We reject the Customs Service's rationale as being legally unsound. A similar argument was rejected by the court in McAfee, which recognized that "the language of the earlier statute is not significantly different from the ... provision of the current statute." McAfee, 842 F.2d at 318, 6 Fed.Cir. at 97. We agree with NIAC that the 1979 amendment did not change the operative language of the statutory provision for valuation which requires that the sale be "for exportation to the United States." Further, we can discern nothing in the legislative history of the 1979 amendment that suggests that Customs, in determining the transaction value of imported merchandise, should undertake an investigation focusing on which of two transactions most directly caused the exportation. The "Customs policy" followed by Brosterhous proceeds from an invalid premise. To the extent Brosterhous is inconsistent with this court's decision in McAfee by requiring a weighing of the relative importance of two viable transactions, it is overruled. See Strott v. Derwinski, 964 F.2d 1124, 1128 (Fed.Cir.1992).
II. The Government's Counterclaim
Having concluded that the transaction value of the imported vehicles at issue is properly based on the price paid by NIC to KHI, we now address the issue whether the trial court erred in granting the government's counterclaim. In granting summary judgment in favor of the government on the reliquidation claim, the trial court granted the government's counterclaim alleging that certain amounts, viz., a commission paid by NIC to NIAC, financing costs, and insurance costs, were improperly deducted from the dutiable value of the imported vehicles. On appeal, NIAC only contests the dutiability of the commission it received from NIC as compensation for NIAC's services in procuring U.S.-made components entitled to duty exemption under item 807.00, TSUS.
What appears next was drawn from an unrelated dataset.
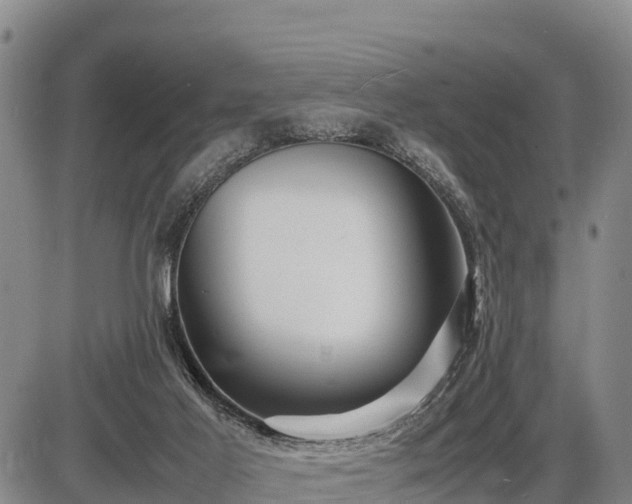 X0000087420021200704271748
Pursuant to an agreement between NIC and NIAC dated March 17, 1982, NIC agreed to pay NIAC a commission of 2.5% "of the delivered cost to NIAC as reflected in the purchase order ... of all American made fabricated components purchased by NIAC for sale to NIC, which were furnished free of charge to KHI for incorporation into the R-62 cars." Under this agreement, NIAC received $2,356,294.78 from NIC as compensation for the cost of shipping the U.S.-made components to Japan. Upon liquidation, Customs deducted $6,568.87 per car from the dutiable value to reflect the deductible buying commission.
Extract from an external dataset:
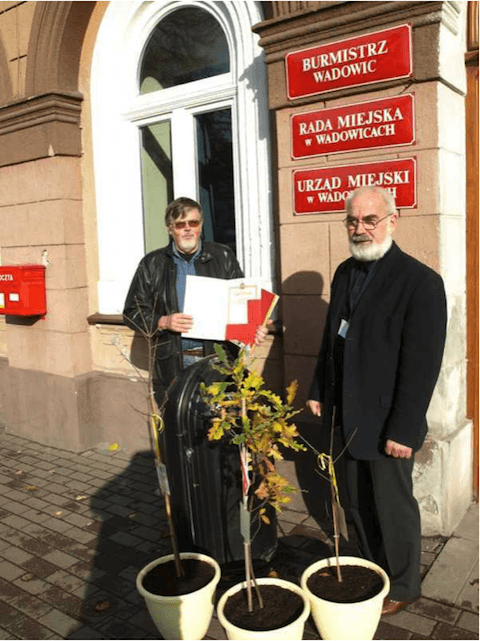 dęby jana pawła ii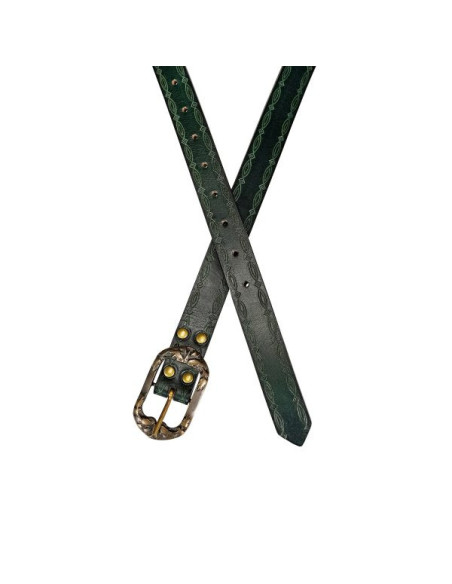 Green Belt Ranger del design del Nord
At trial, the government argued that the commission deduction was improper. The trial court agreed, relying on Rosenthal-Netter, Inc. v. United States, 12 C.I.T. 77, 679 F.Supp. 21 (1988), aff'd, adopted, 861 F.2d 261 (Fed.Cir.1988). It concluded that in order to qualify for a deductible buying commission, there must be an agency relationship and that no such agency relationship existed between NIC and NIAC. The trial court based its finding that NIAC was not a bona fide buying agent of NIC on the March 17, 1982 agreement between NIC and NIAC. Article 12 of that agreement, entitled "Independence," provided in pertinent part that "NIAC is and shall be at all times an independent contractor and shall not be deemed to be an agent or employee of NIC for any purpose whatsoever." Accordingly, the trial court held that "[b]ecause NIAC was not NIC's agent, the commissions are not entitled to be deducted from dutiable value." 786 F.Supp. at 1010.
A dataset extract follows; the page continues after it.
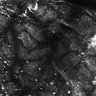 Thumbnail for dataset Fig5-S5_Val_FOV3_14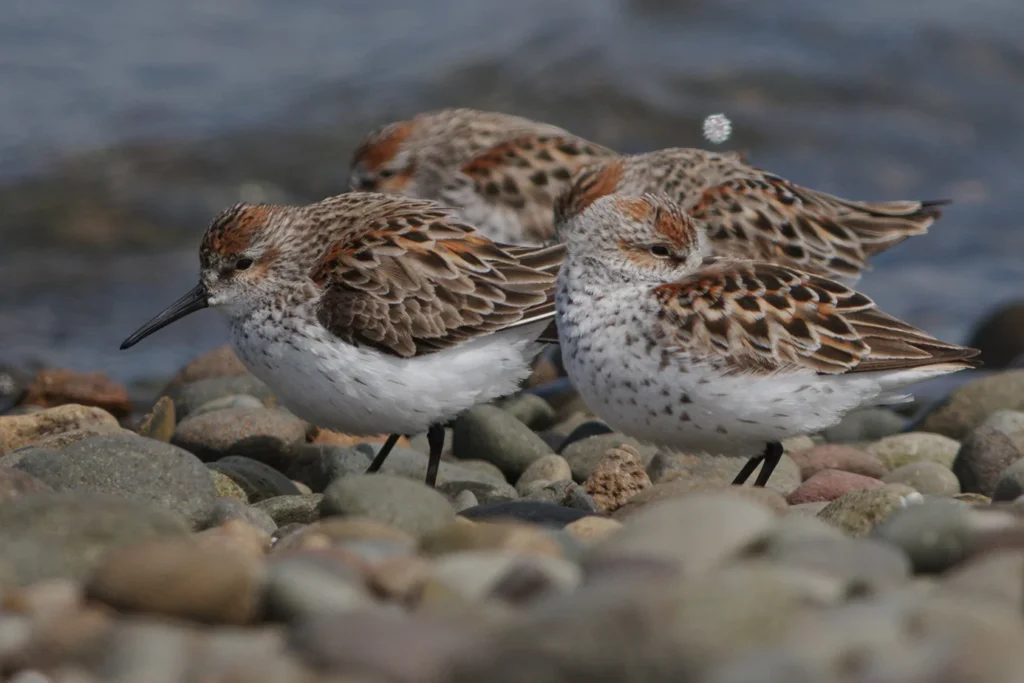 Celebrating Estuaries: Fall Migratory Birds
On appeal, NIAC argues that the government failed to overcome the presumption that the deductions from dutiable value allowed by Customs at the time of liquidation are correct. Moreover, NIAC claims that under long-standing policy of the Customs Service, all payments directly allocable to American-made components must be deducted from appraised value, regardless whether NIAC was NIC's buying agent or an independent contractor. We are unpersuaded by NIAC's arguments in view of the binding authority of Rosenthal-Netter.
This court adopted the opinion of the Court of International Trade in Rosenthal-Netter, which holds that in order to establish that a buying commission is deductible from dutiable value, "the [importer] has the burden of proving the existence of a bona fide agency relationship and that the charges paid were, in fact, bona fide buying commissions." 679 F.Supp. at 21. Upon examination of the record, we agree with the trial court's finding that a bona fide agency relationship did not exist between NIC and NIAC. Thus, we conclude that NIAC's buying commission is not entitled to be deducted from the dutiable value of the imported vehicles and that the trial court did not err in granting the government's counterclaim.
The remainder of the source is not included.